On Vaughan's first episode on the show, Diego slept with Sharon Newman (Sharon Case). Sharon was married to Nick Newman (Joshua Morrow) at the time. Sharon had believed that Nick cheated on her, which he didn't, and she became guilt ridden. Diego "urged" Sharon not to tell Nick about their lovemaking because of the ramifications it could cause where her kids with Nick were concerned. Intrigued by Diego, Nick's sister Victoria (Heather Tom) took an interest in him and they began having a romance of their own. On the night Victoria and Diego told each other they loved one another for the first time, Nick found out about his sleeping with Sharon and beat up Diego. The Newmans began to hate Diego, but Victoria forgave him. Diego was later beaten up by thugs.

Despite the character's duration on the soap having eventually come to a quick close, on what was to be expected from Diego, Vaughan said "I think there is a lot more in store for him, and we may begin to see a bit of a darker side of him. After being pushed around and beaten up, he finally retaliates, and it's something I've been waiting to see from him". After Diego's obsession for revenge over the thugs got out of hand, Victoria dumped him and he left town.

== Storylines ==
After being absent from his family's lives for a long time, Diego Guittierez came to Genoa City to find out more about his brother Raul's diabetes problems. Raul refused to let Diego help him out when his grades started going down. Diego struggled to get around town at first, but he found help from Larry Warton (David Fralick) in getting an apartment, while married couple Nick and Sharon Newman gave him a job at their coffeehouse and working on the Newman ranch.

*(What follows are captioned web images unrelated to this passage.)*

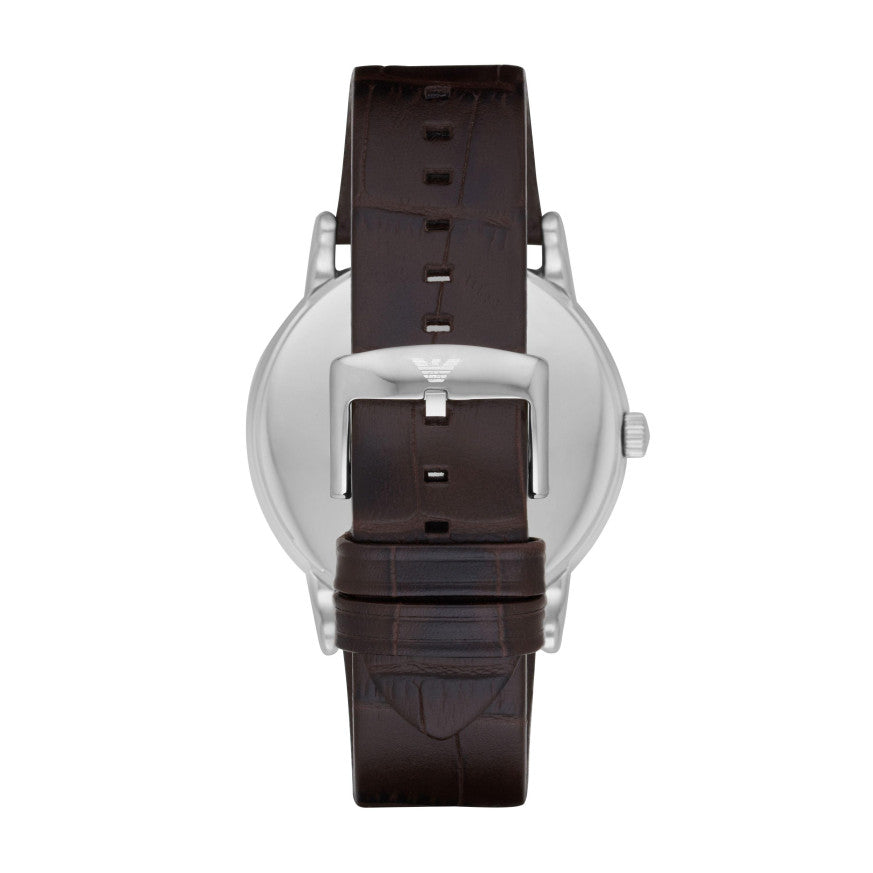  Shop Authentic Emporio Armani Luigi Quartz Gray Dial Brown Leather Strap Watch For Men - AR1996 - Luxxuri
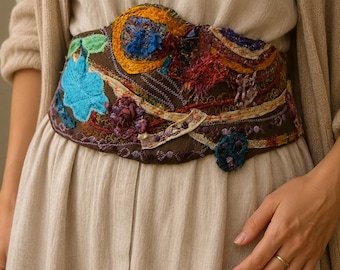 Handmade Leatherette Waist Belt – Silk Ribbon Embroidery Textile Art – Boho Statement Piece (S/M)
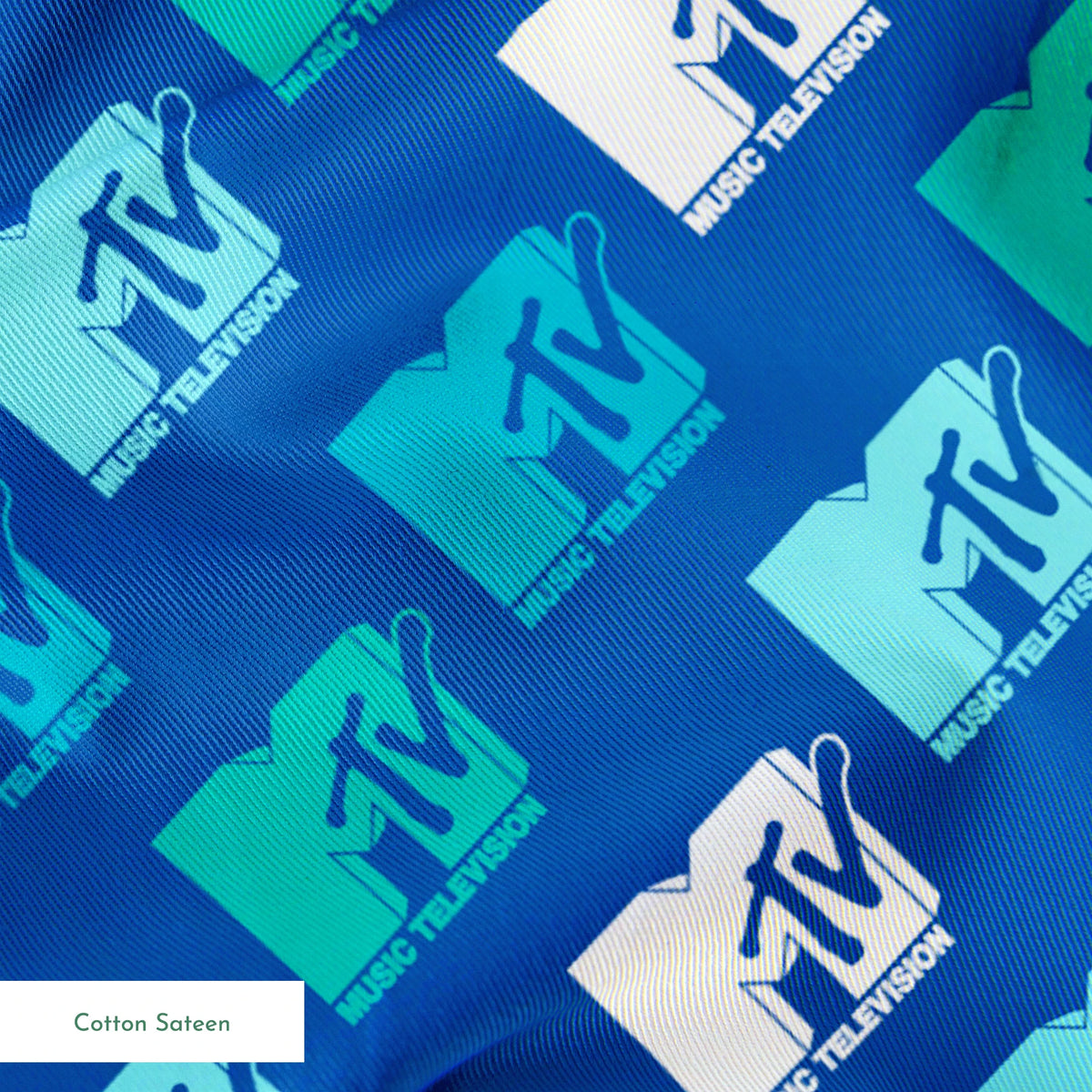 Paramount MTV  Colorful Logo Toss on Blue Fabric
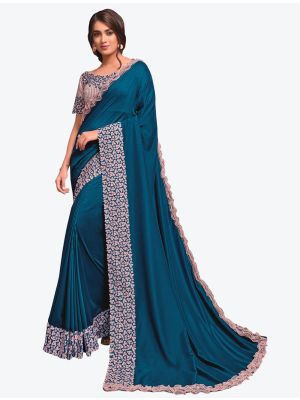 Teal Blue Premium Silk Chiffon Festive Wear Designer Saree small FABSA21224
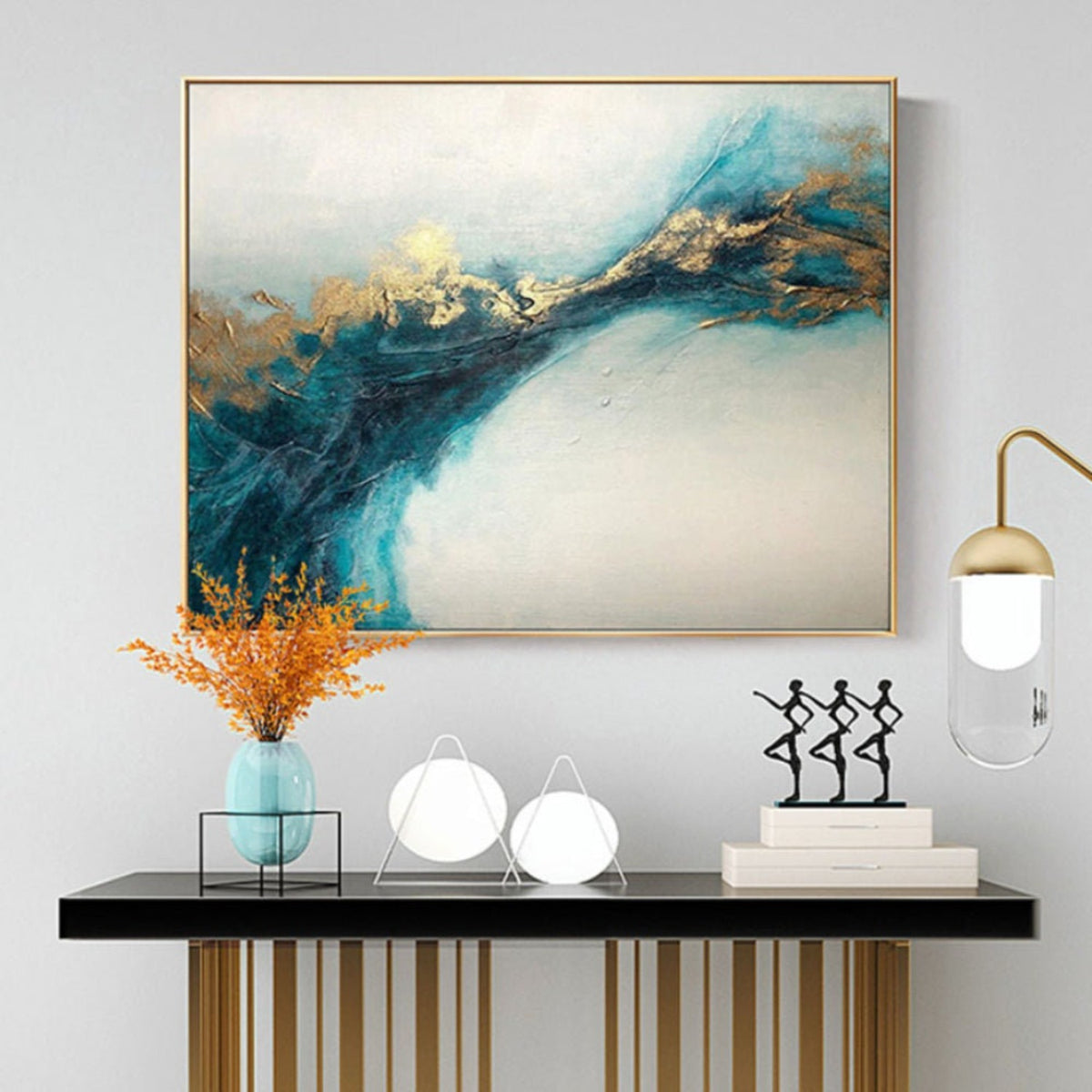 Room mockup. A broad dark teal branching sweep with gold-coloured textured edges crosses a pale cream and grey field.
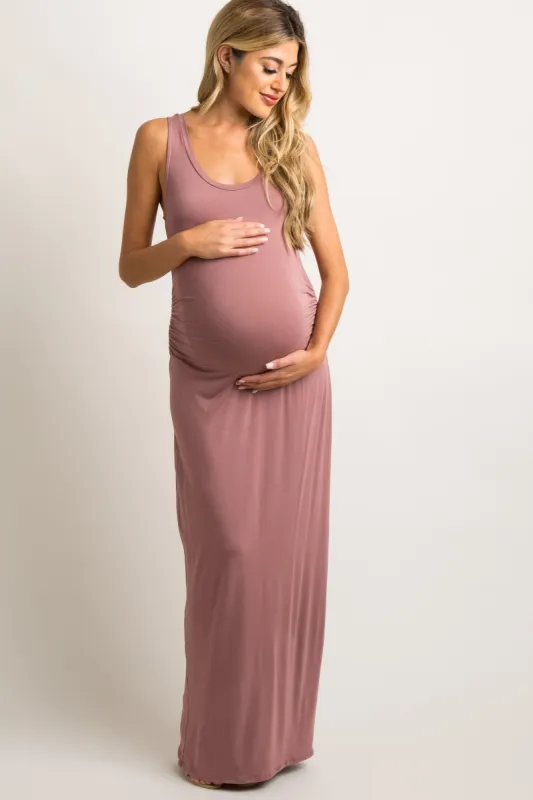 PinkBlush Mauve Sleeveless Fitted Maternity Maxi Dress sold by Pinkblush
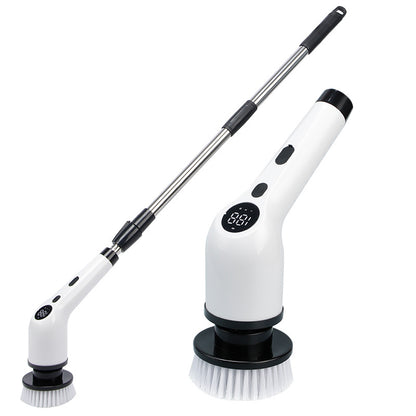 Eight-in-one Cleaning Brush Long Handle Retractable LCD Digital Display Kitchen Bathroom Electric Cleaning Brush Electric Mop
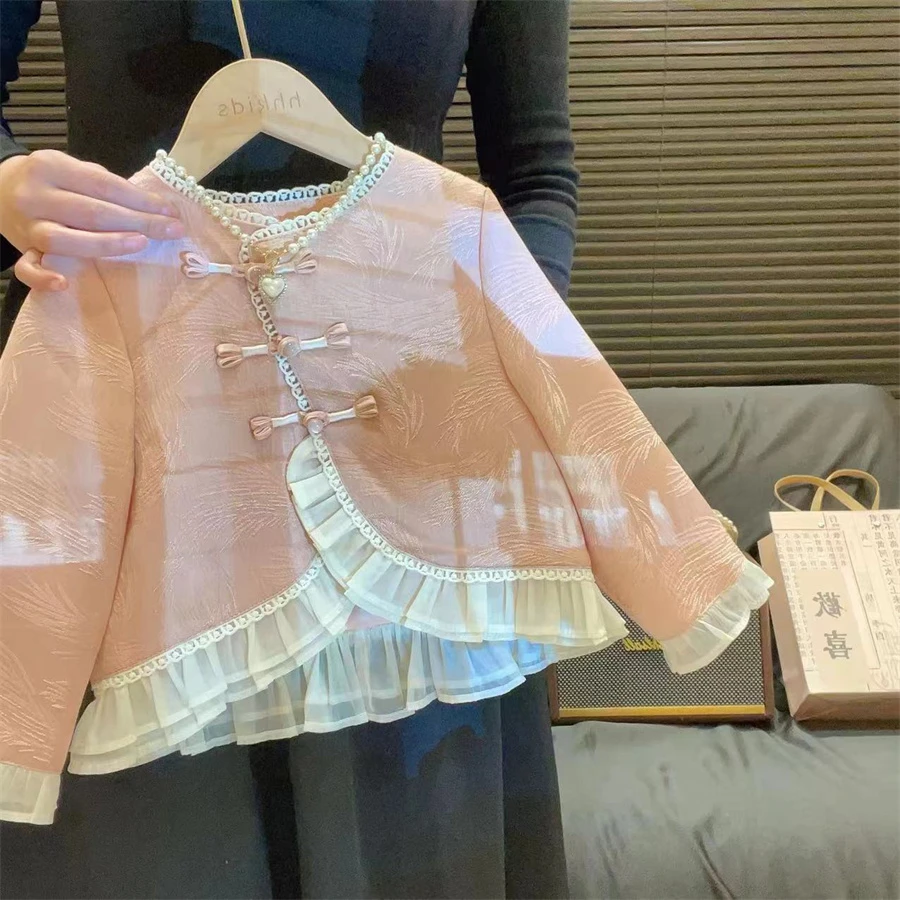 HHkids女童时髦新中式花边袖盘扣复古气质上衣外套2024春季AWT223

Diego regularly found himself comforting Sharon, who was having trouble dealing with her problems. Her marriage to Nick suffered when she lost a baby and caught him kissing another woman, so she wanted something more than just comfort from Diego, but he refused to do anything and said he was only her friend nothing more. However, Diego and Sharon ended up sleeping together, then were left guilty when Nick decided to work on his marriage to Sharon.

Nick's sister Victoria Newman was confused about the friendship between Sharon and Diego, so she decided to pretend to be interested in Diego in order to find out more about the situations. She, however, ended up falling for him and they started a relationship. Just as they were ready to confess their love for each other, Nick found out about Sharon sleeping with Diego and he beat up Diego, then cheated on Sharon again. Victoria broke up with Diego. Diego desperately tried to convince the entire family that the night he spent with Sharon meant nothing to him and that he wasn't the one who initiated it. Victoria believed him and they hooked up again.

Victoria's family wouldn't tolerate her being with Diego, so she moved out of the ranch, and the couple moved into a hotel together. Victoria's father Victor Newman (Eric Braeden) tried to pay off Diego to leave town, but he wouldn't accept it. Victor gave Diego money, which was later stolen by two thugs who beat up Diego. Diego recovered from his injuries and was keen on getting revenge for the crime against him, completely ignoring the fact that Victoria wanted to lead a normal life with him. Diego hatched a plot with Larry to get revenge on the thugs and it worked. Victoria was upset over how different Diego had become and they split, causing Diego to leave Genoa City behind.